-------- Data

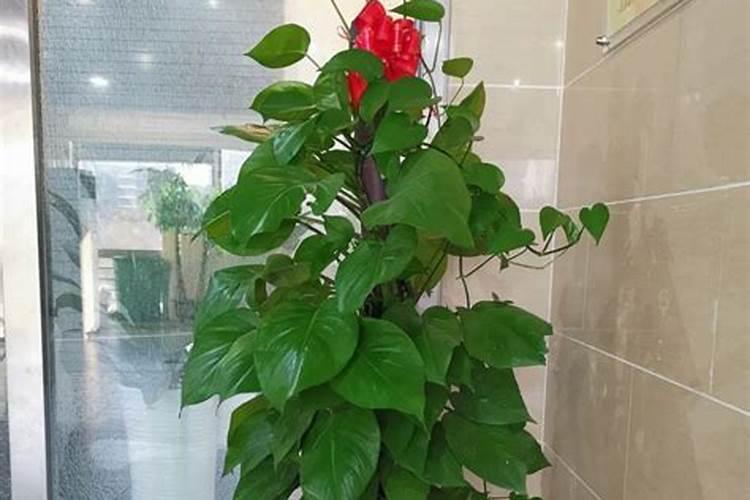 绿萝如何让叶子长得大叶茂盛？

----------------
-------- Data

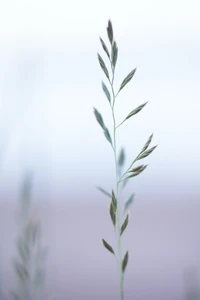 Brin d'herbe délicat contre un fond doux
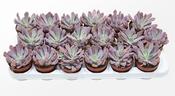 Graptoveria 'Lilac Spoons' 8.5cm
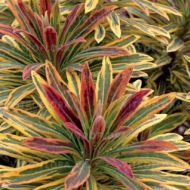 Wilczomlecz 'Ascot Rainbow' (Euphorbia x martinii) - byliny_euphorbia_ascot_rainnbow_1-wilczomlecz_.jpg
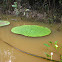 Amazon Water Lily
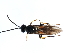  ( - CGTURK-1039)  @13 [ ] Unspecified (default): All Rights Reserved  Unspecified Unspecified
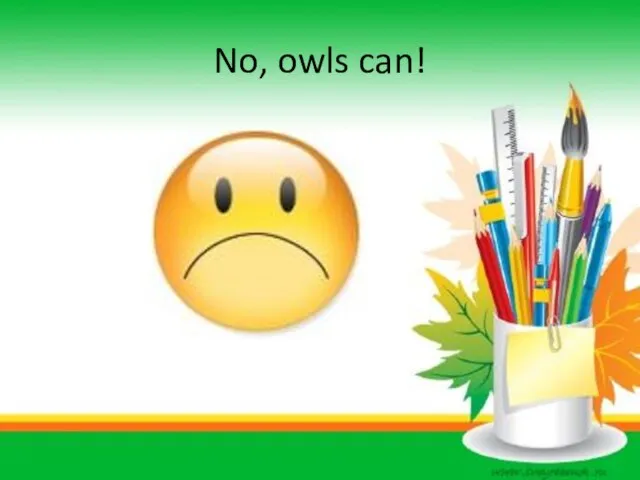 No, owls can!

----------------

§ **Activity**:
An exact copy is needed of the entries above, starting at the line that holds "( - CGTURK-1039)" and stopping at the line that holds "No, owls can!", both kept; pictures stay out.

§ **Completed exercise**:
  ( - CGTURK-1039)  @13 [ ] Unspecified (default): All Rights Reserved  Unspecified Unspecified
 No, owls can!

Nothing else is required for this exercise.